Tag Archives: Sudan

Formula for Engagement

I am sitting on the floor next to a grade eight student discussing the elasticity between fiction and truth. She wants to know how far she can test “the facts” while writing a feature article about child-soldiers in The Sudan. She is thirteen years old, looking at me in the eye asking if she will lose creditability if she fictionalizes too much of her story. We discuss the gray area between fiction and non-fiction, the possibility of understanding truth, and how text is meant to entertain and inform. The worlds we create as writers, in a sense are all fictional, but our ability to trace our “truths” back to credible corroborated sources is a way to maintain our integrity. Does that make sense I say, doubtfully. “Yes,”  She nods her head. “Yes,” she says and with a furrowed brow returns to the sofa and begins to type frantically.

Like a dutiful bee, I move to the next student, this one in a bean bag and we discuss how to maintain an ongoing, moving, linear back story to anchor the raw data and information he wants to convey to his reader. He decides he will begin his article at the beginning of a cattle raid. After his lead, he will share the information he found after weeks of research on the value of cattle for Dinka culture.
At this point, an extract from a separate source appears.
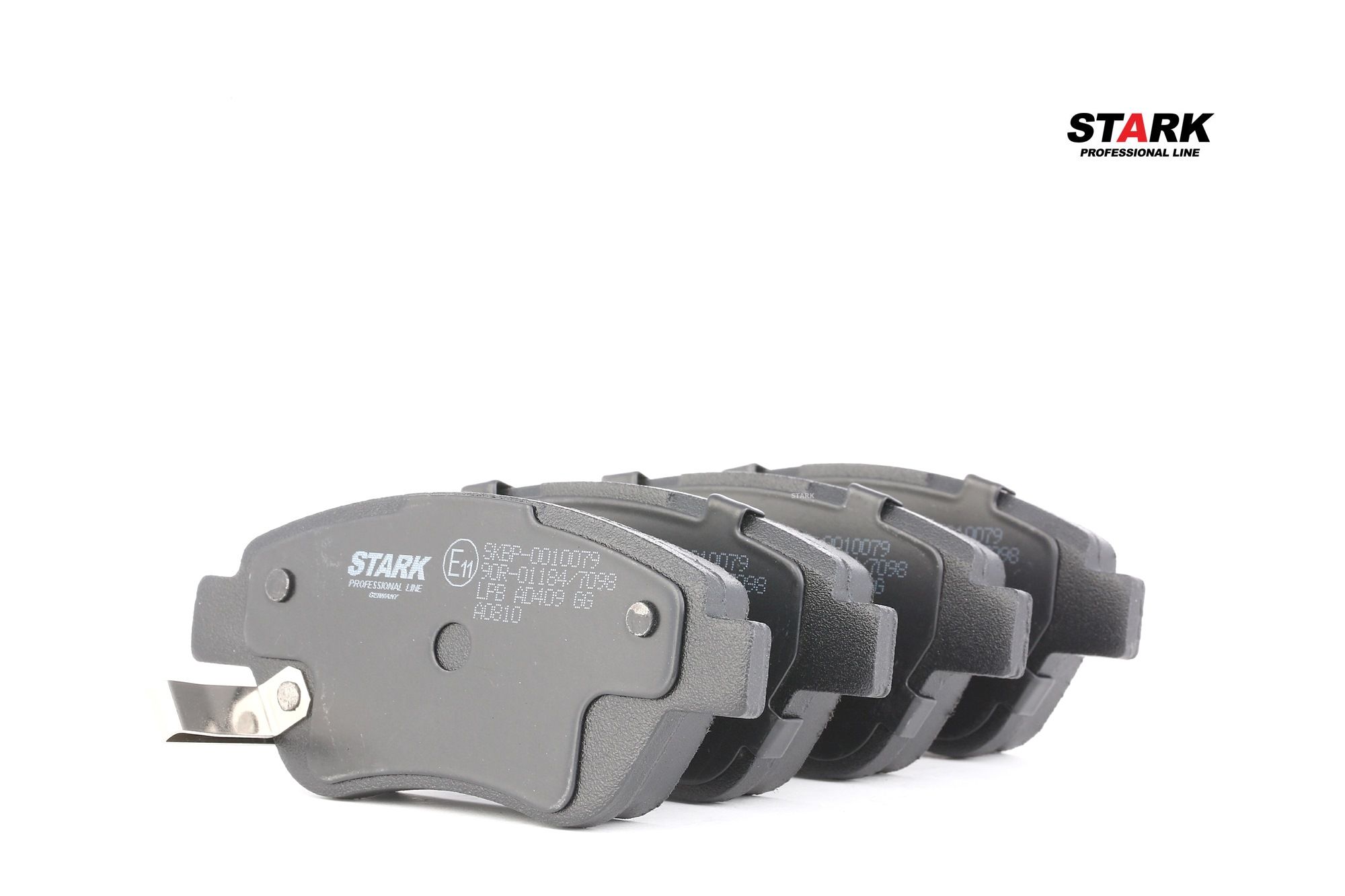 STARK SKBP-0010079 Kit pastiglie freni Larghezza 1: 123mm, Largh.: 53mm, Alt.: 53,30mm, Spessore 1: 17mm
He tells me that he will return to the cattle raid now in progress- back to more information about the economy of cattle, and end with the aftermath of the raid. This is one of my learning support students who struggles to remain engaged. That sounds great, I say and leave him to wrestle with the words. The room is silent as the entire class stares at their laptops, fingers gingerly dancing on the keys.

You can either think of yourself as thirteen year olds writing for a teacher in English class, or you can think of yourselves as writers who demand to tell a story. There is a difference.

A few of them look up and smile awkwardly to acknowledge what I have just said, but most continue to write. I am not worried about distractions or Skype or Facebook or kids gaming. These guys are busy and engaged. They have assumed the identity of citizen journalists.

Being labeled a tech savvy teacher I sometimes feel pressure to always use technology. I don’t even know what that means any more. I sometimes feel guilty when I notice how “traditional” our curriculum has become. On days like today, however, none of it matters. Technology shouldn’t be a gimmicky lure we use to “engage” kids.  We use it when we can, when we must, when it makes sense. Otherwise we talk about writing. We write. We explore. Engagement is about passion and love for what we do. It is about getting on the floor and talking to kids about their ideas and giving them immediate feedback. 1-1 means that we try to spend time with each student discussing their work, not speaking at a class about what they all should be doing. No amount of technology will motivate kids, if the pedagogy and the content and the teachers love for the material is not there.

Our activity this week has little to do with technology. Sure we are using Google Docs to draft our work, giving me access to their on-going work, and yes we used Diigo to annotate and tag all our research, and yes we hope to publish these articles on a blog called Stories from The  Sudan and maybe even publish a selected few in an iBook of the same name, but really we have been focused on text and conversations about text and fiction and truth and justice and genocide and stories and voice and empathy and understanding.

I have been incredibly proud of our students. For the last several weeks they have read What is the What by Dave Eggers, a dense 500+page novel about the Sudanese Lost Boys. They have researched a variety of topics for their feature articles. Ranging from The Sudanese diaspora, to gender equality, to child-soldiers, to slavery, to cattle culture, to the socio-political causes of the regional conflict. As their summative assessment  they are writing a 1500 word feature article which attempts to entertain and inform, assessed by a rubric they wrote as a class.

Sometimes I cannot believe they are only thirteen years old. So often we underestimate what student are capable of, or worse we set the bar too high, but do not invest enough of our own passion to carry them through. The formula for engagement is simple- Students need high expectations and challenges, but they also need every ounce of energy we have to maintain enthusiasm and love for what we teach. We need to prove to them that we value what we ask them to do. We need to give them enough choice and autonomy to take ownership of what they do, then we need to support their choices with fluid and constant feedback.

How do you maintain engagement? What are your tips or formulas?